Work item:
Write out each record below exactly, without pictures.

Provided entries:
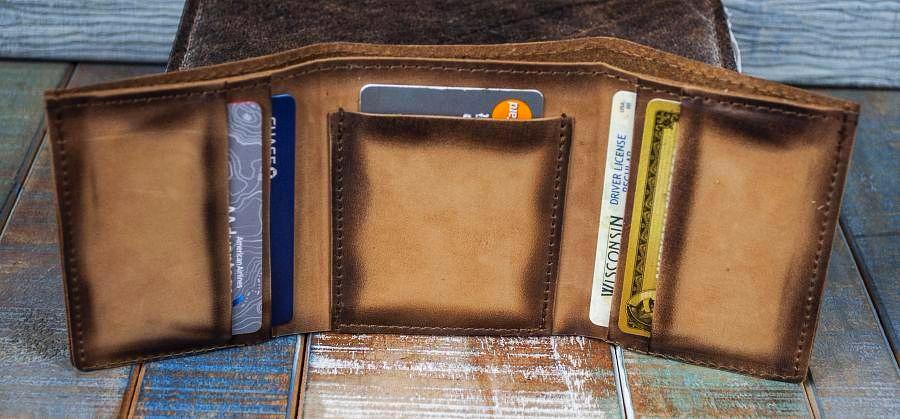 6-Slot Trifold Wallet - The Stanza (Burnt Timber Leather) - The Speakeasy Leather Co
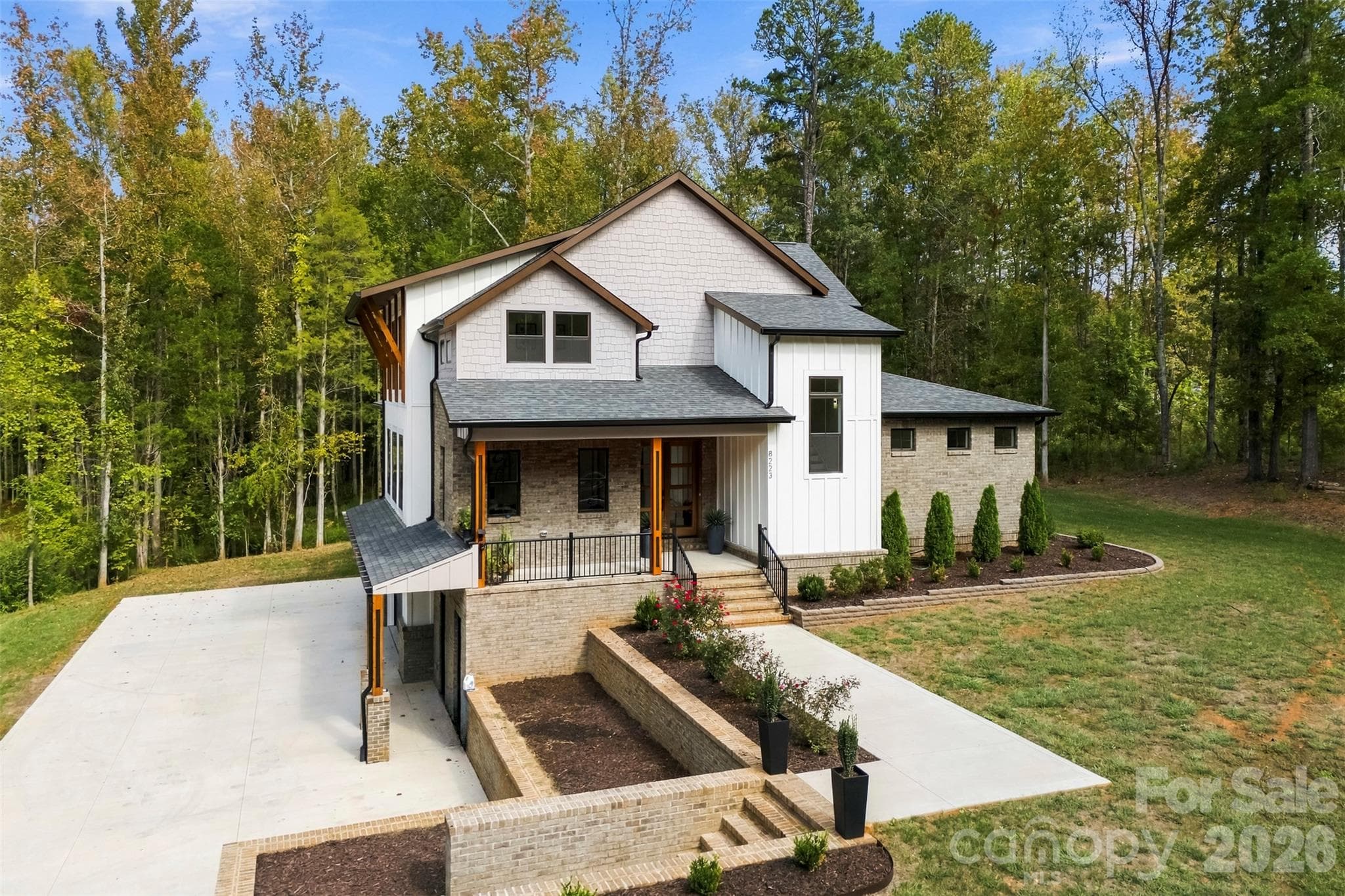 Single Family Residence at 8223 Max Meadows Drive, Charlotte, photo 3 of 48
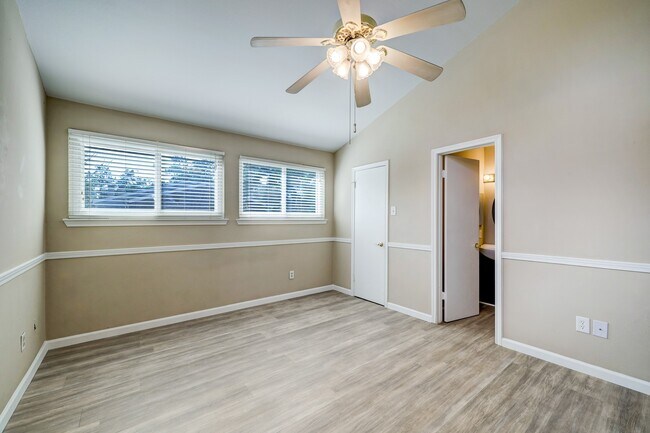 Building Photo - 3500 Tangle Brush Dr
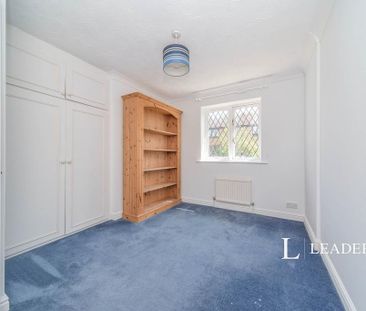 4 bedroom detached house to rent - Photo 4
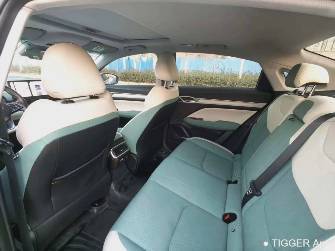 Geely Emgrand L Hi-X 1.5hyb AT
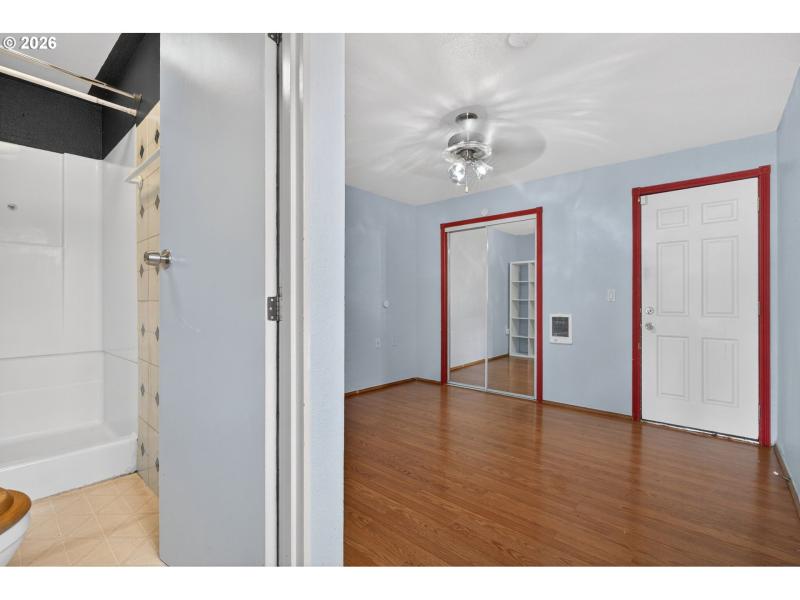 Bedroom, Owner's Suite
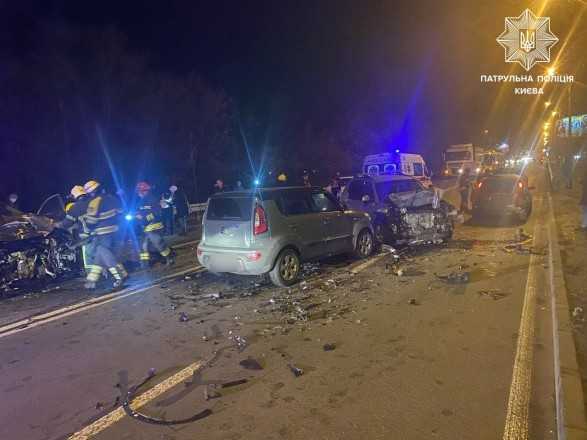 Масштабна ДТП у Києві із постраждалими: зіштовнулись чотири авто, рух заблоковано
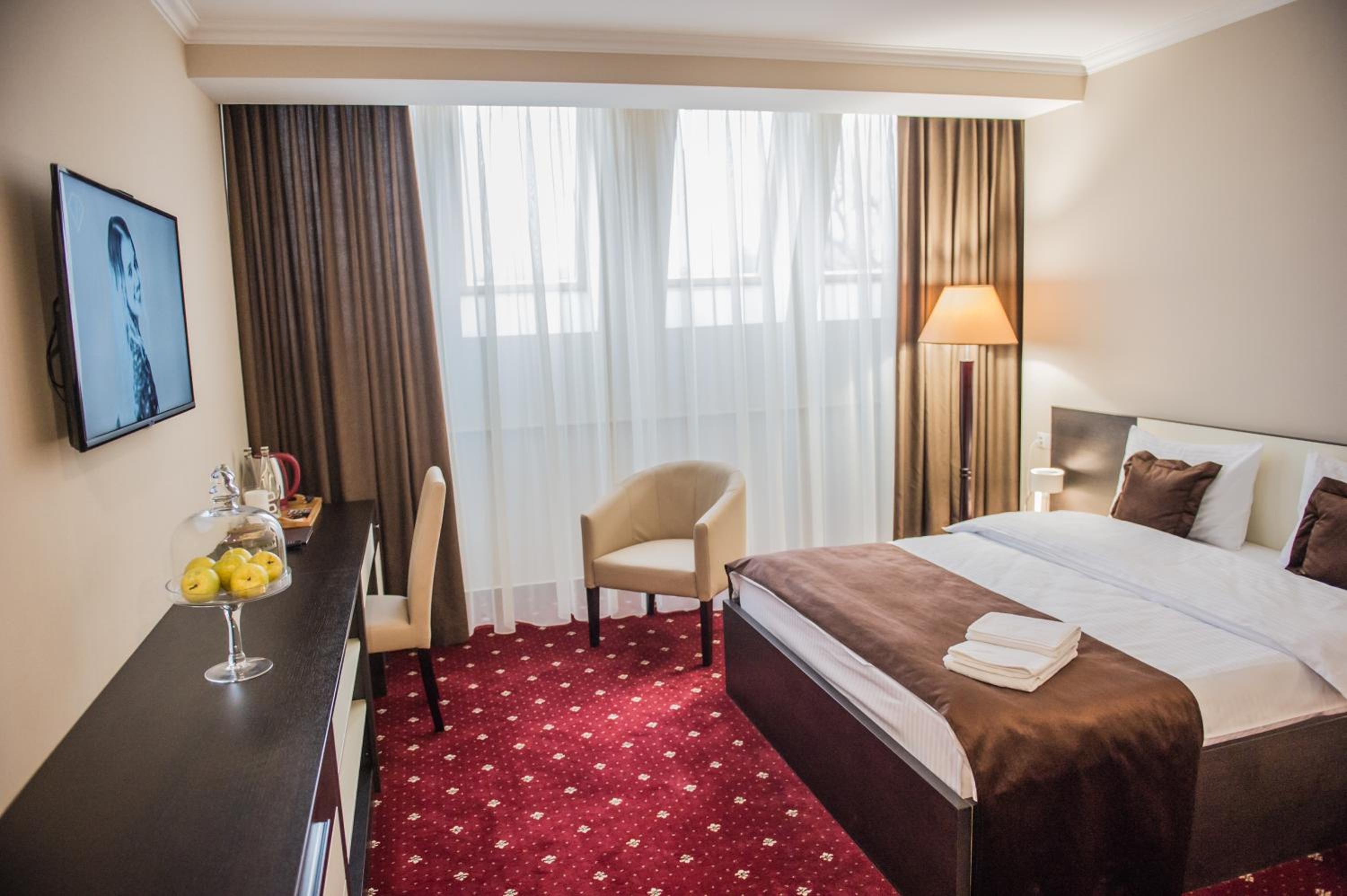 Standard King Room - Photo 10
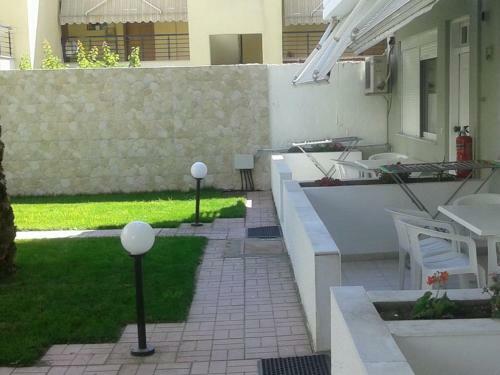 Petrakis Studios & Apartments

Expected answer:
 6-Slot Trifold Wallet - The Stanza (Burnt Timber Leather) - The Speakeasy Leather Co
 Single Family Residence at 8223 Max Meadows Drive, Charlotte, photo 3 of 48
 Building Photo - 3500 Tangle Brush Dr
 4 bedroom detached house to rent - Photo 4
 Geely Emgrand L Hi-X 1.5hyb AT
 Bedroom, Owner's Suite
 Масштабна ДТП у Києві із постраждалими: зіштовнулись чотири авто, рух заблоковано
 Standard King Room - Photo 10
 Petrakis Studios & Apartments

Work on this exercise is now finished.